◆ **Action item**
Please write out exactly the lines from the opening of the listing through the line that holds "30 pieces bendable", including both, and nothing else; no pictures.

◆ **Data records**
##############################

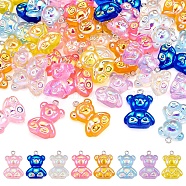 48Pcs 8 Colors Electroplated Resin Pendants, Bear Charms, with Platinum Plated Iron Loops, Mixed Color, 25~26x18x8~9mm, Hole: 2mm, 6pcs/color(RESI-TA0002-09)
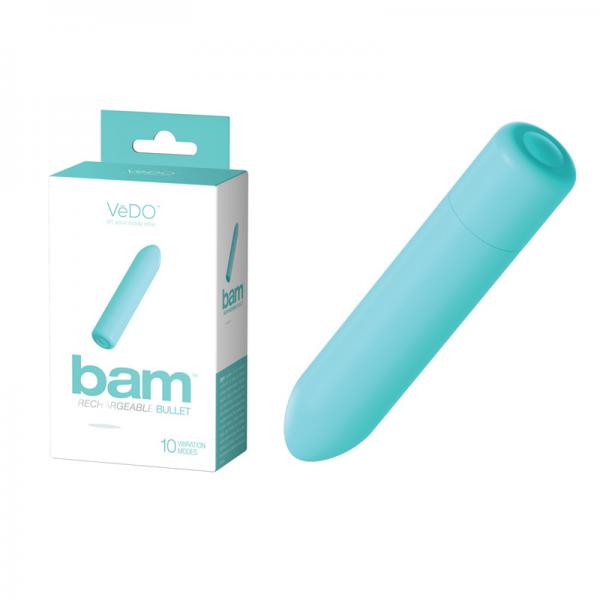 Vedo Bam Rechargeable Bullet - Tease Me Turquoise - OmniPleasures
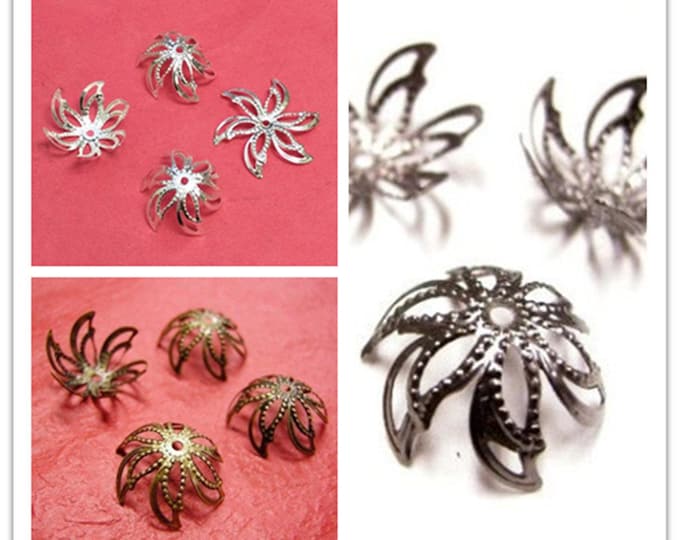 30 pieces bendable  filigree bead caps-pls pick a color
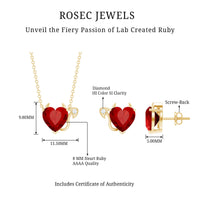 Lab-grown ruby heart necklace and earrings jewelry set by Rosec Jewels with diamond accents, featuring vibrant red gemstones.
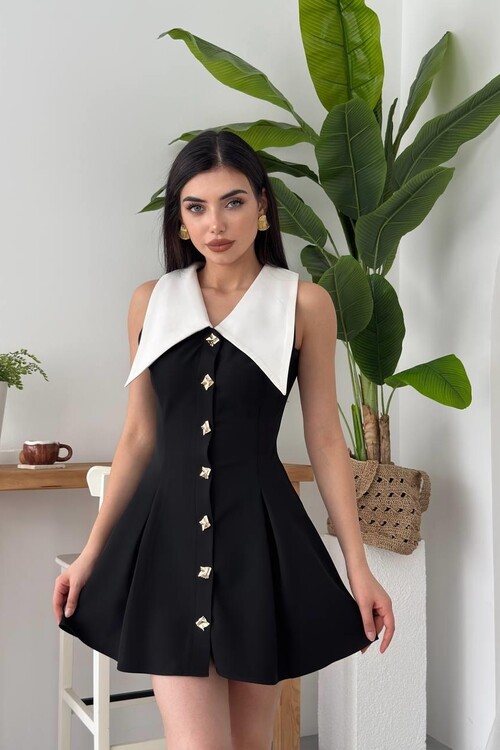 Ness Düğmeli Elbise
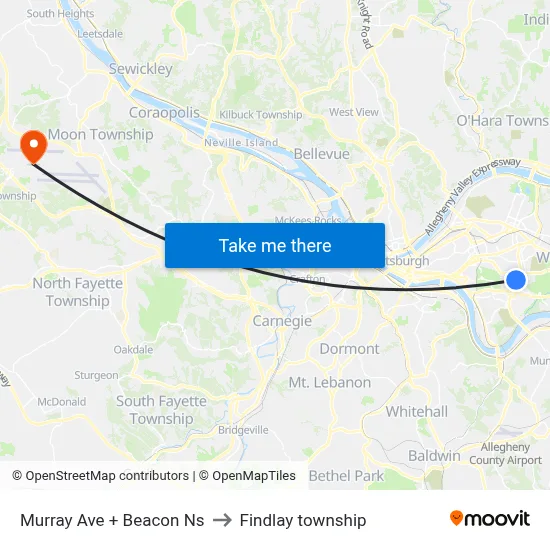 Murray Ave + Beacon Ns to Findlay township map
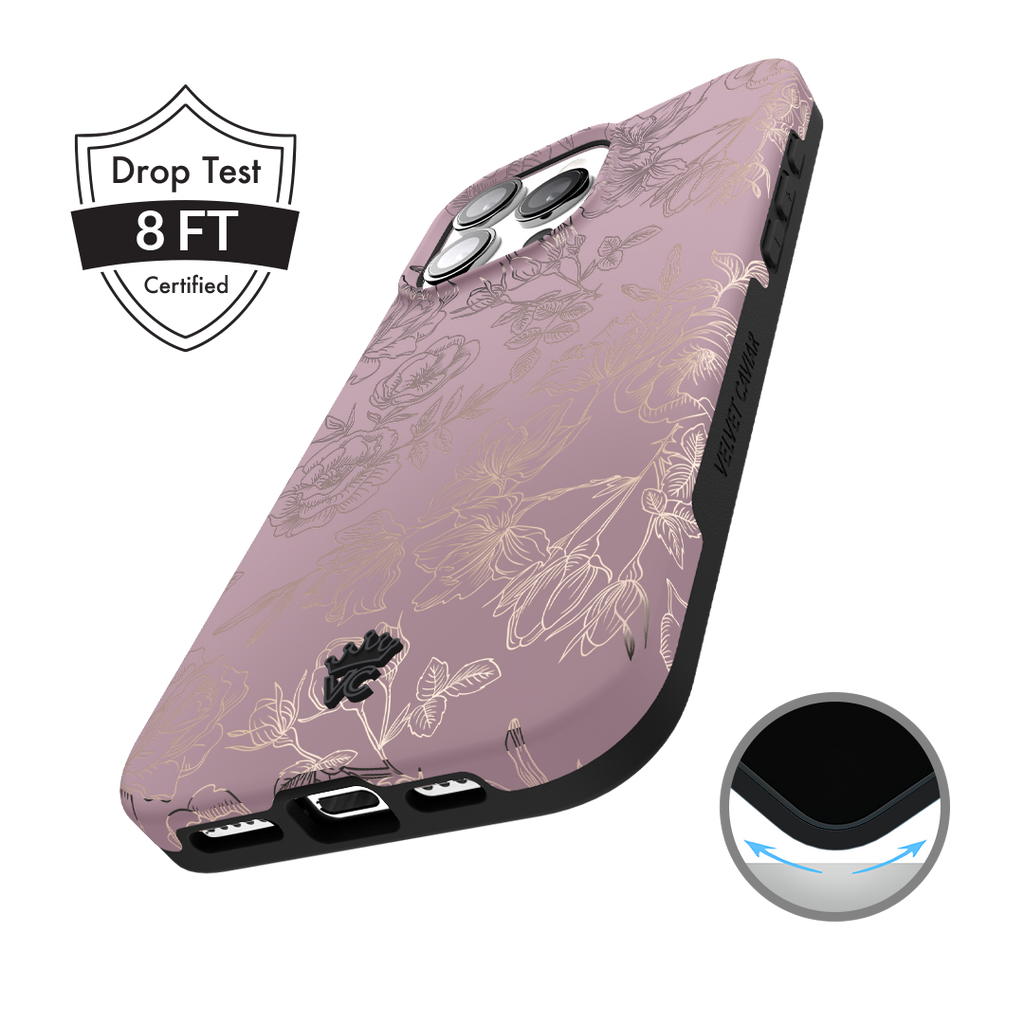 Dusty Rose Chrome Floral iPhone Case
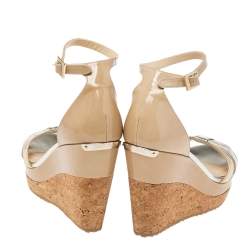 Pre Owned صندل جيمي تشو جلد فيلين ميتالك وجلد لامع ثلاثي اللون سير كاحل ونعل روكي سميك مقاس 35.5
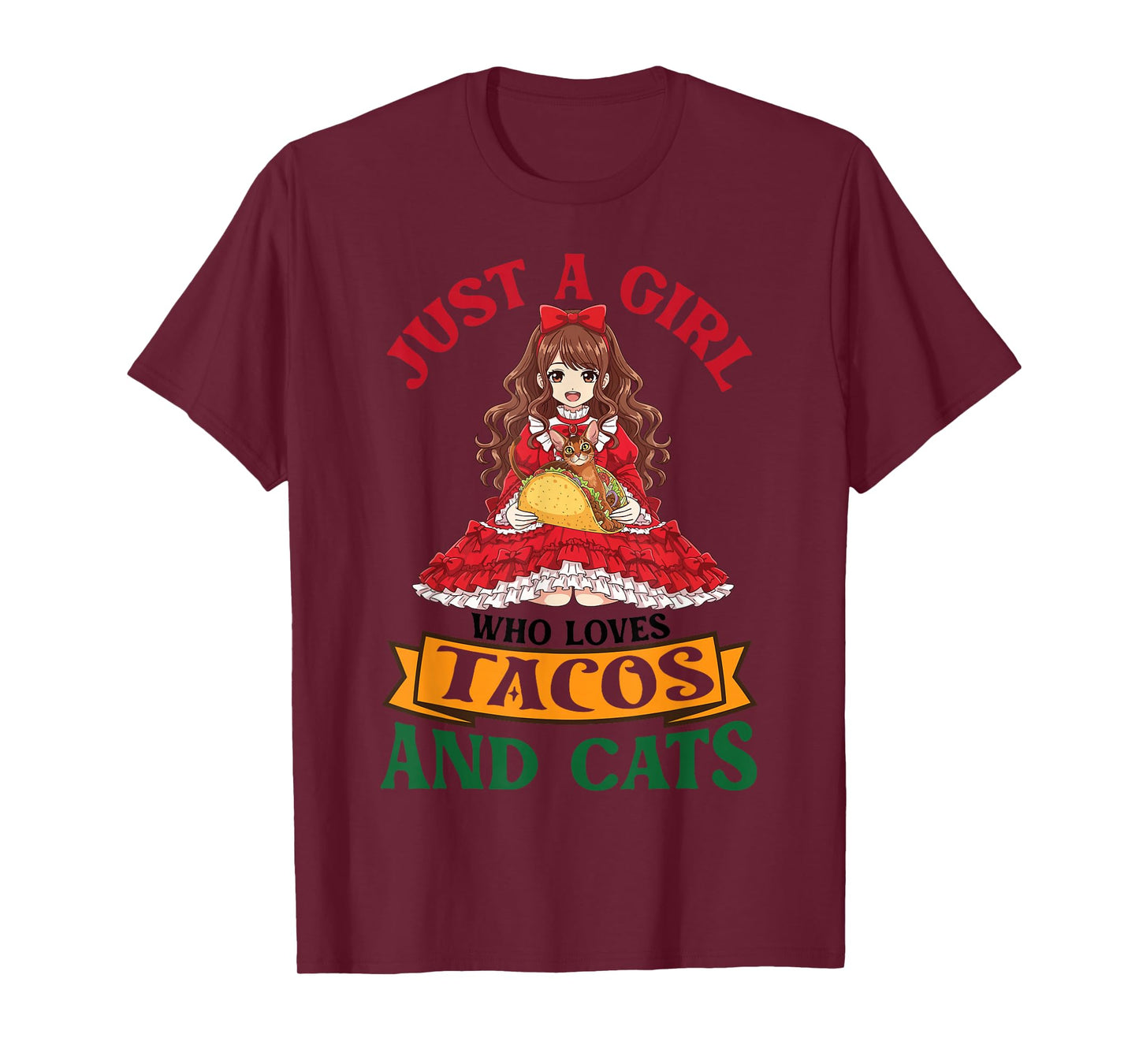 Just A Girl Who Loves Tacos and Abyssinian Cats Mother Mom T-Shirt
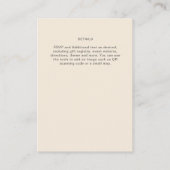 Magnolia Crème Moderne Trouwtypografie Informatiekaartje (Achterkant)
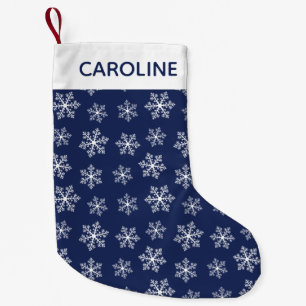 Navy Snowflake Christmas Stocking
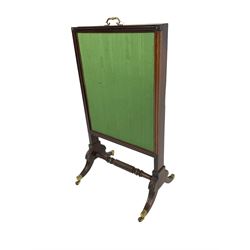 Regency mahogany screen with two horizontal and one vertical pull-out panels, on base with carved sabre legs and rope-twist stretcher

##############################

◆ **Answer**
 48Pcs 8 Colors Electroplated Resin Pendants, Bear Charms, with Platinum Plated Iron Loops, Mixed Color, 25~26x18x8~9mm, Hole: 2mm, 6pcs/color(RESI-TA0002-09)
 Vedo Bam Rechargeable Bullet - Tease Me Turquoise - OmniPleasures
 30 pieces bendable  filigree bead caps-pls pick a color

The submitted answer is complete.